Your assignment ::
Leave out the pictures and output the data verbatim.

Data records ::

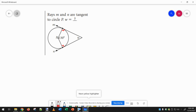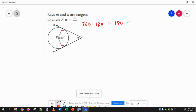We know that a kite, or any quadrilateral, the angles add up to 360. So if we do 360 minus 90 minus 90 again, that's 180. And then we can just do 180 minus 130 to get W, which equals 50.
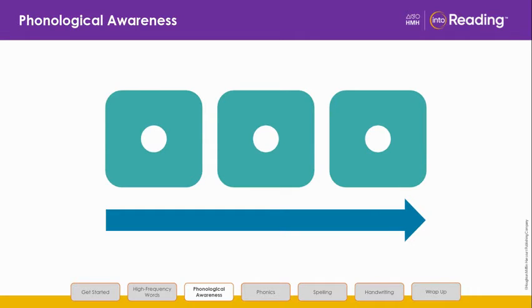Listen to these sounds: B, I, G. When I blend the sounds, I say the word big. B, I, G — big.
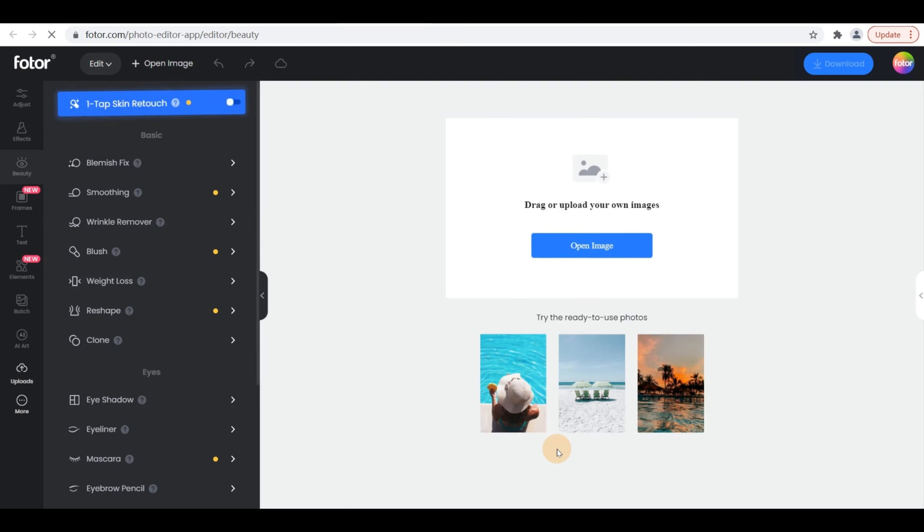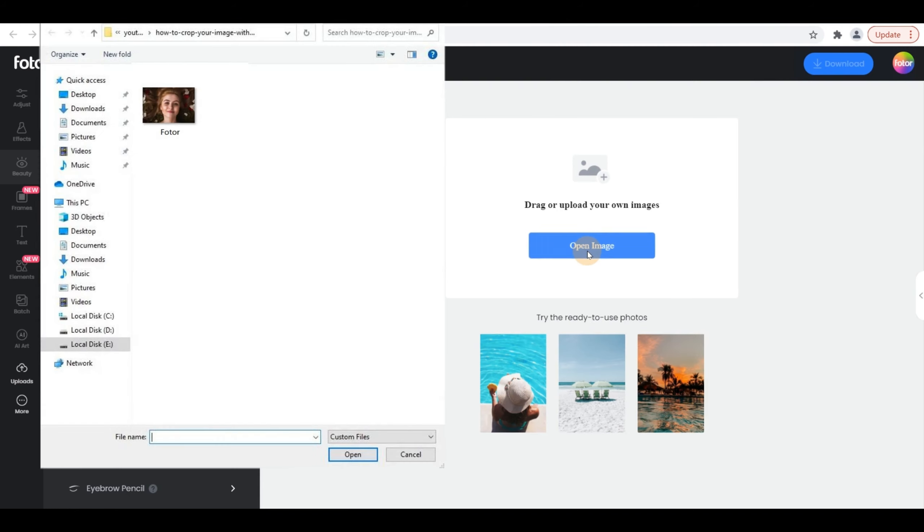Step 2, click Open Image to upload your picture or directly drag it to our editing area.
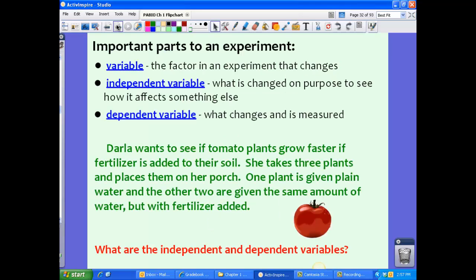Now, what makes a good experiment? In order for an experiment to be a true experiment, we definitely need to have variables. A variable is the factor in an experiment that changes. We have two important variables we want to control for. The first is the independent variable — this is the variable that is changed on purpose to see how it affects something else. If we were growing plants and wanted to see if light affects them, the independent variable would be the light, which you can change on purpose to see how it affects plant growth.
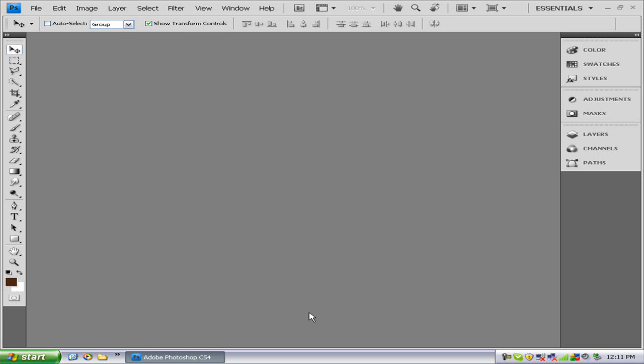Hello and welcome to this episode of Hippo Tech. Today I'm going to be showing you how to make a skyline in Adobe Photoshop CS4.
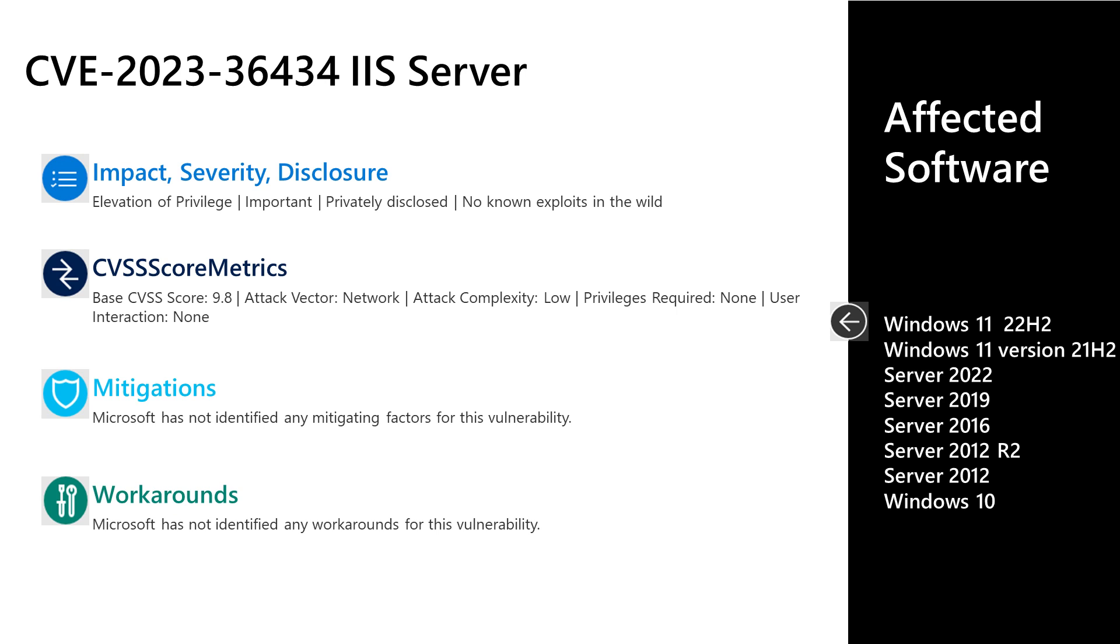Let's dive into the first vulnerability that I'll cover in today's set. This is CVE-2023-36434. This is an elevation of privilege vulnerability. This is listed as important severity, privately disclosed, with no known exploits out in the wild. This has a base score of 9.8 on that scale of 10, so certainly elevated. The attack vector is over the network. The attack complexity is low. No privileges are required, and user interaction is not required either. There are no documented mitigations or workarounds. As far as the affected software, it's all versions of Windows that are in support, whether that's Desktop 10 and 11, and Server 2012, up through the latest Server 2022.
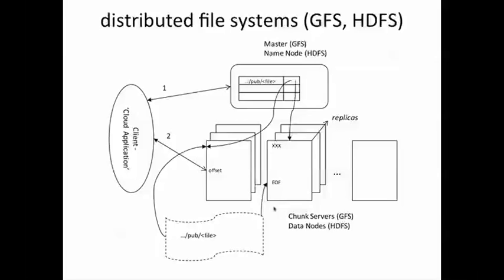Of course, the tricky part comes in writing because while writing data, we have to make sure that each replica contains the same data all the time. Here is how writes happen in GFS.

Output for this task ::
We know that a kite, or any quadrilateral, the angles add up to 360. So if we do 360 minus 90 minus 90 again, that's 180. And then we can just do 180 minus 130 to get W, which equals 50.
Listen to these sounds: B, I, G. When I blend the sounds, I say the word big. B, I, G — big.
Step 2, click Open Image to upload your picture or directly drag it to our editing area.
Now, what makes a good experiment? In order for an experiment to be a true experiment, we definitely need to have variables. A variable is the factor in an experiment that changes. We have two important variables we want to control for. The first is the independent variable — this is the variable that is changed on purpose to see how it affects something else. If we were growing plants and wanted to see if light affects them, the independent variable would be the light, which you can change on purpose to see how it affects plant growth.
Hello and welcome to this episode of Hippo Tech. Today I'm going to be showing you how to make a skyline in Adobe Photoshop CS4.
Let's dive into the first vulnerability that I'll cover in today's set. This is CVE-2023-36434. This is an elevation of privilege vulnerability. This is listed as important severity, privately disclosed, with no known exploits out in the wild. This has a base score of 9.8 on that scale of 10, so certainly elevated. The attack vector is over the network. The attack complexity is low. No privileges are required, and user interaction is not required either. There are no documented mitigations or workarounds. As far as the affected software, it's all versions of Windows that are in support, whether that's Desktop 10 and 11, and Server 2012, up through the latest Server 2022.
Of course, the tricky part comes in writing because while writing data, we have to make sure that each replica contains the same data all the time. Here is how writes happen in GFS.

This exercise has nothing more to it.